WORK TO BE COMPLETED: Exactly as written, return all the data, leaving its pictures behind.

RECORDS PROVIDED:

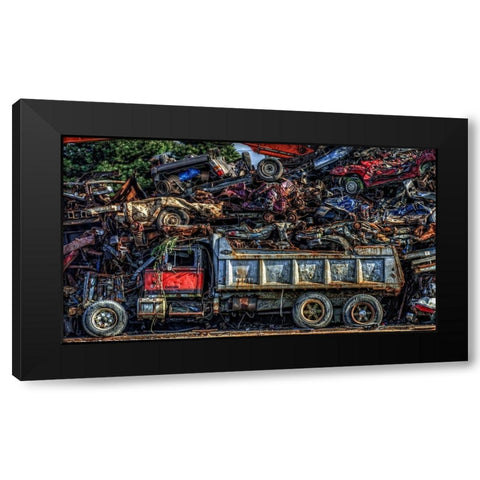 Recycled Black Modern Wood Framed Art Print with Double Matting by Kostka, Vladimir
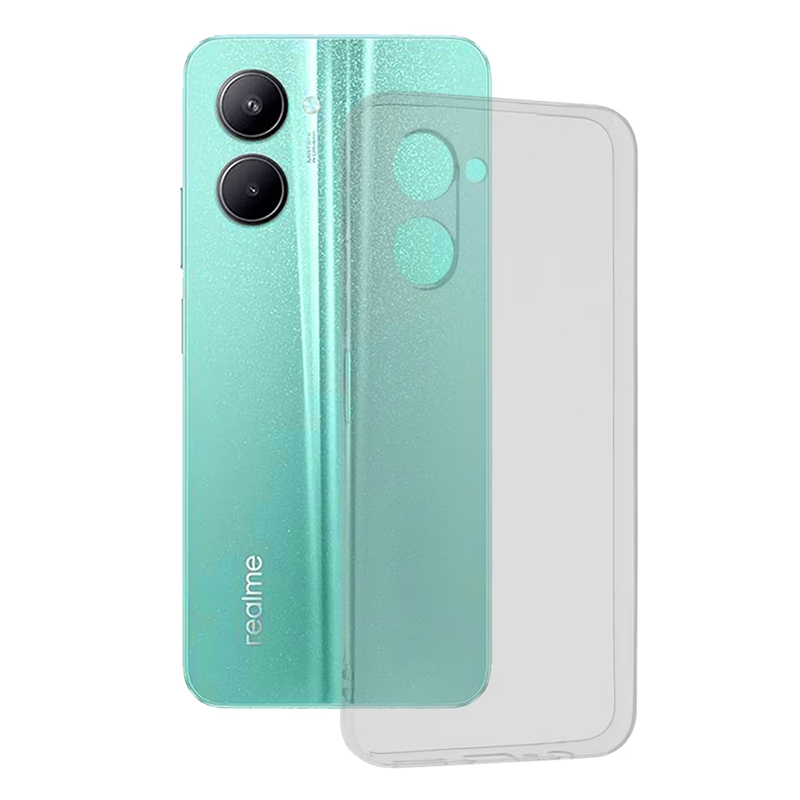 Чехол Svekla для Realme C33 Silicone Transparent SV-RC33-WH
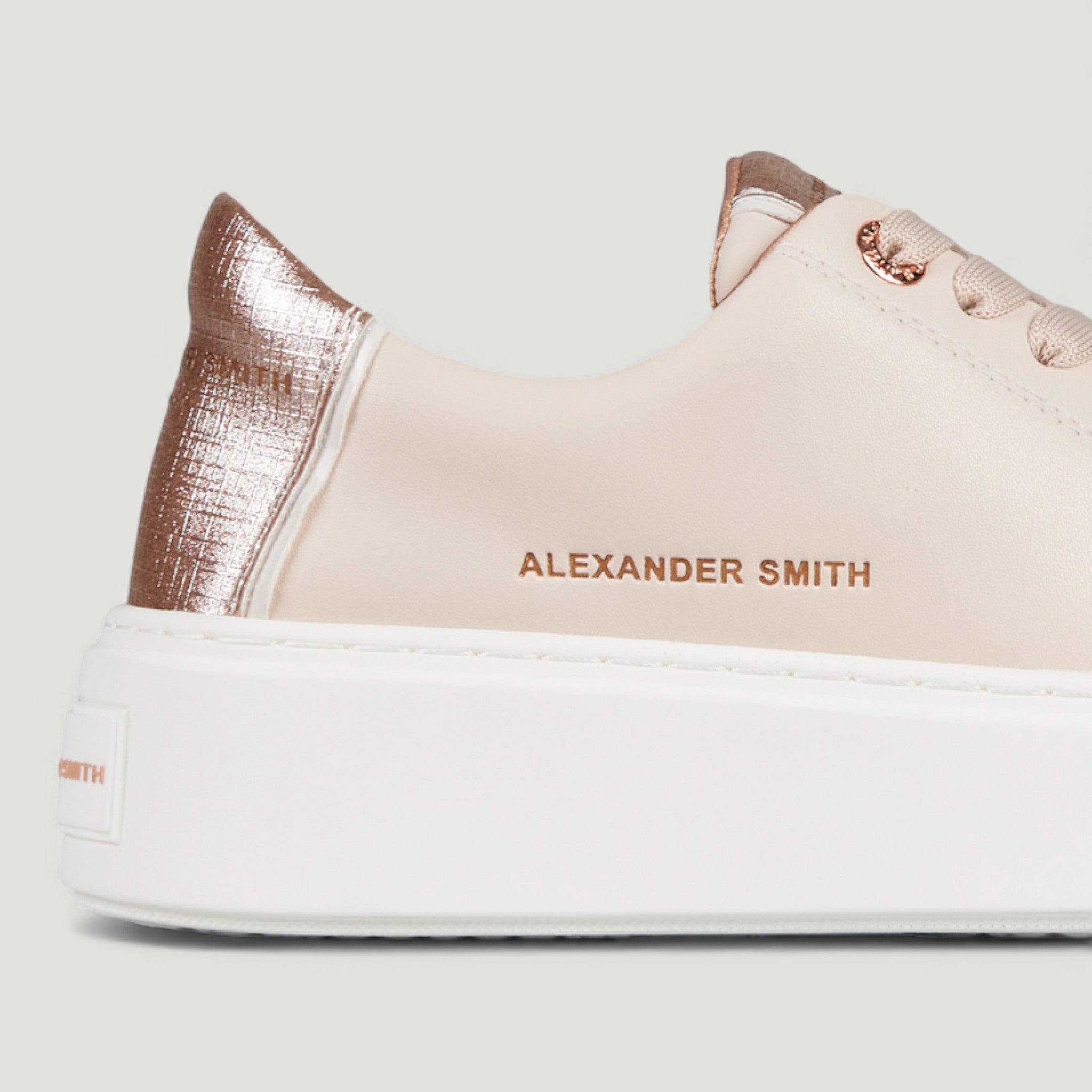 ALEXANDER SMITH SNEAKERS LONDON HIGHT WOMAN LIGHT ROSE COPPER BIANCO/ROSA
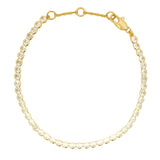 Gold tennis bracelet with zircons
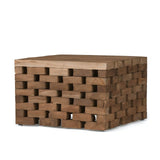 Crossword Organic Teak Outdoor Side Table (Low) - Teak Warehouse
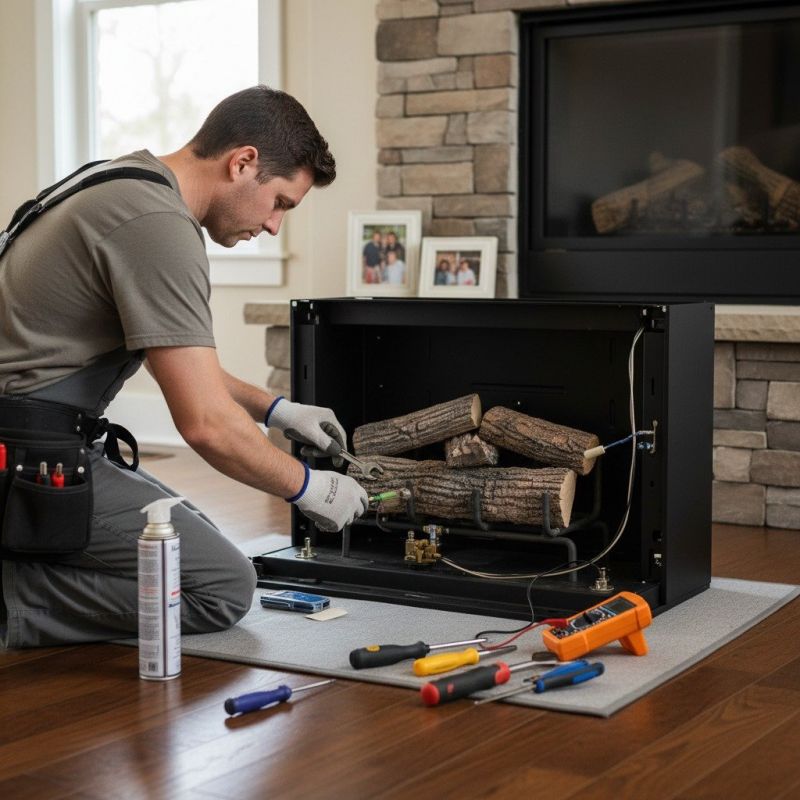 Gas Logs Installation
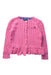 A Pink Cardigans from Polo Ralph Lauren in size 6T for girl. (Front View)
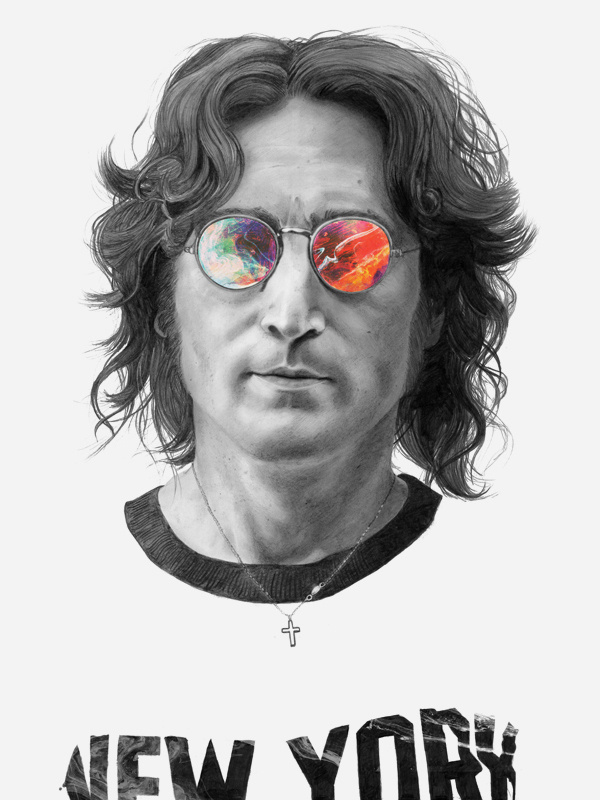 Illustrations 2012 on Behance #beatles #lennon #illustration #john #york #new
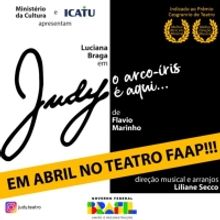Luciana Braga Honors Judy Garland in the Musical JUDY – O ARCO-IRIS E AQUI (Judy �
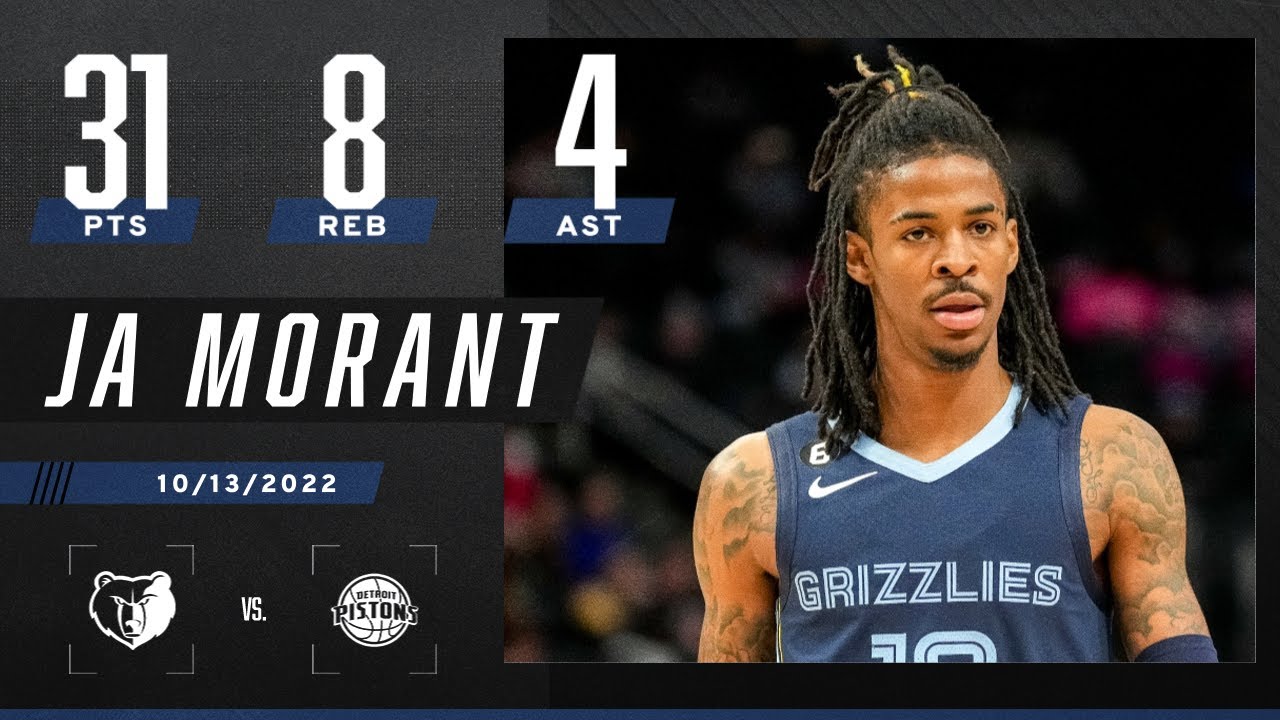 Ja Morant discusses Memphis Grizzlies preseason games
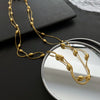 Wholesale Titanium Steel Niche Geometric Overlapping Necklace For Women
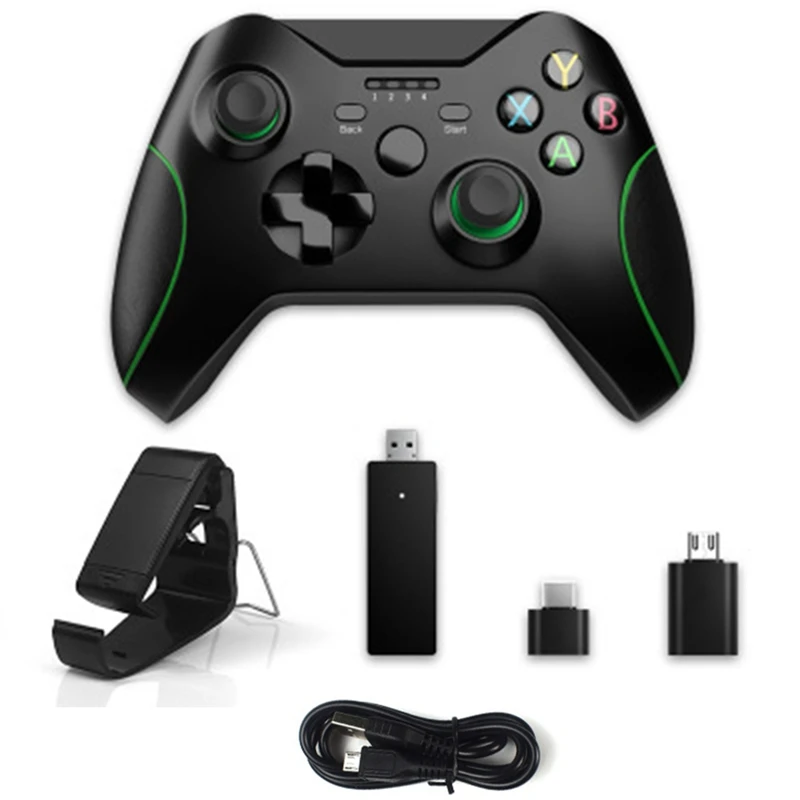 

2.4G Wireless Gamepad for One Console Game Controller for PS3/Android Smart Phone Joystick for PC Win7/8/10
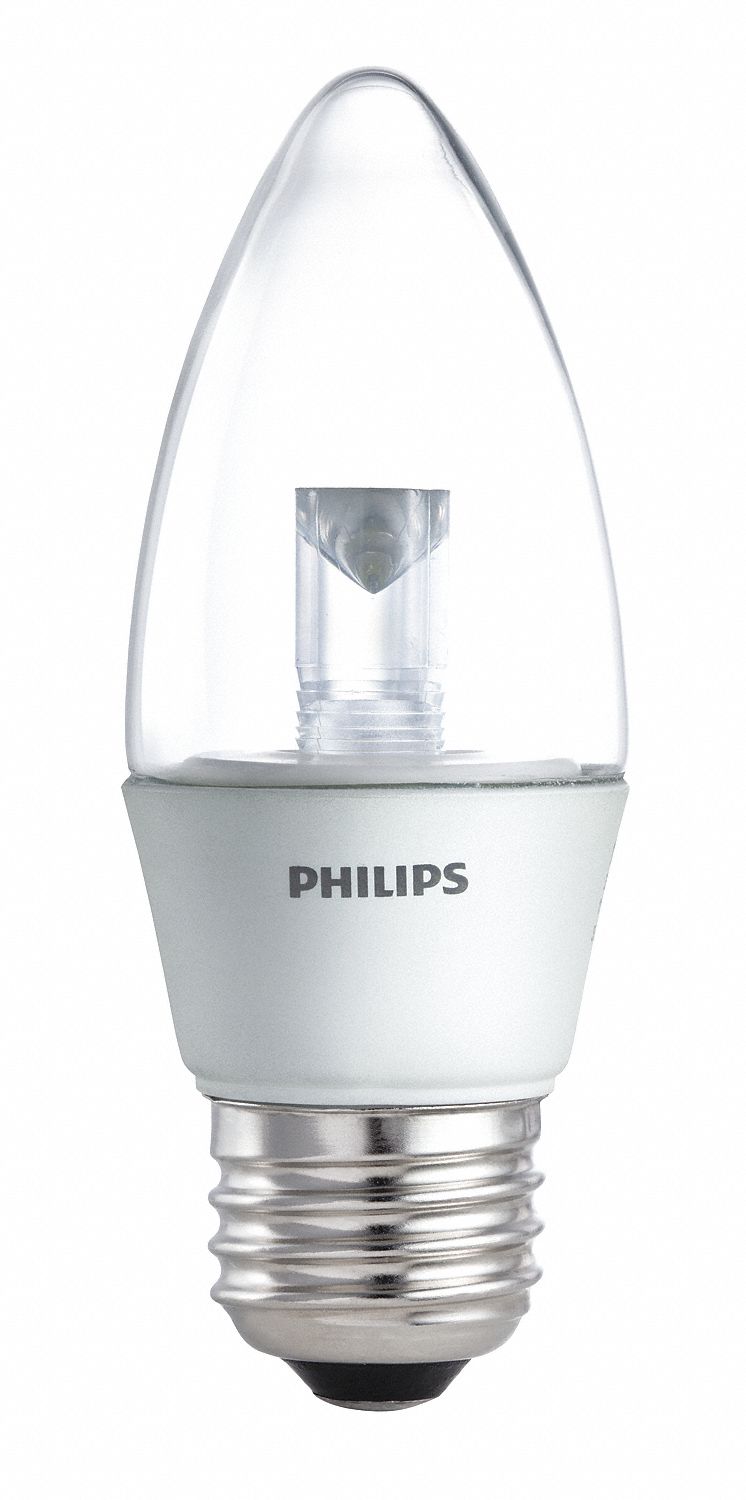 LED Light Bulb, B12, 2700K, Warm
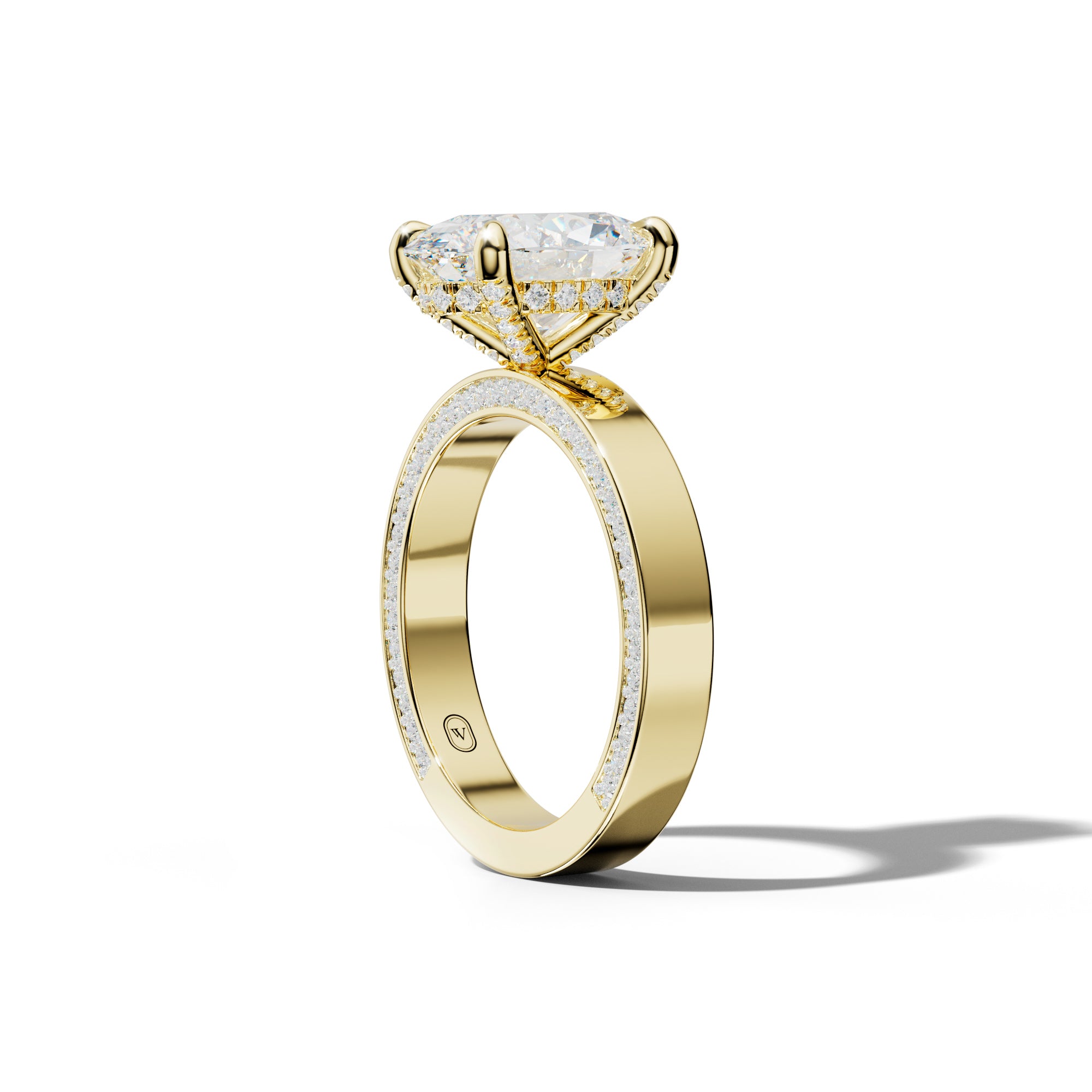 Faye Oval Diamond Engagement Ring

TASK OUTPUT:
 Recycled Black Modern Wood Framed Art Print with Double Matting by Kostka, Vladimir
 Чехол Svekla для Realme C33 Silicone Transparent SV-RC33-WH
 ALEXANDER SMITH SNEAKERS LONDON HIGHT WOMAN LIGHT ROSE COPPER BIANCO/ROSA
 Gold tennis bracelet with zircons
 Crossword Organic Teak Outdoor Side Table (Low) - Teak Warehouse
 Gas Logs Installation
 A Pink Cardigans from Polo Ralph Lauren in size 6T for girl. (Front View)
 Illustrations 2012 on Behance #beatles #lennon #illustration #john #york #new
Luciana Braga Honors Judy Garland in the Musical JUDY – O ARCO-IRIS E AQUI (Judy �
 Ja Morant discusses Memphis Grizzlies preseason games
 Wholesale Titanium Steel Niche Geometric Overlapping Necklace For Women

2.4G Wireless Gamepad for One Console Game Controller for PS3/Android Smart Phone Joystick for PC Win7/8/10
 LED Light Bulb, B12, 2700K, Warm
 Faye Oval Diamond Engagement Ring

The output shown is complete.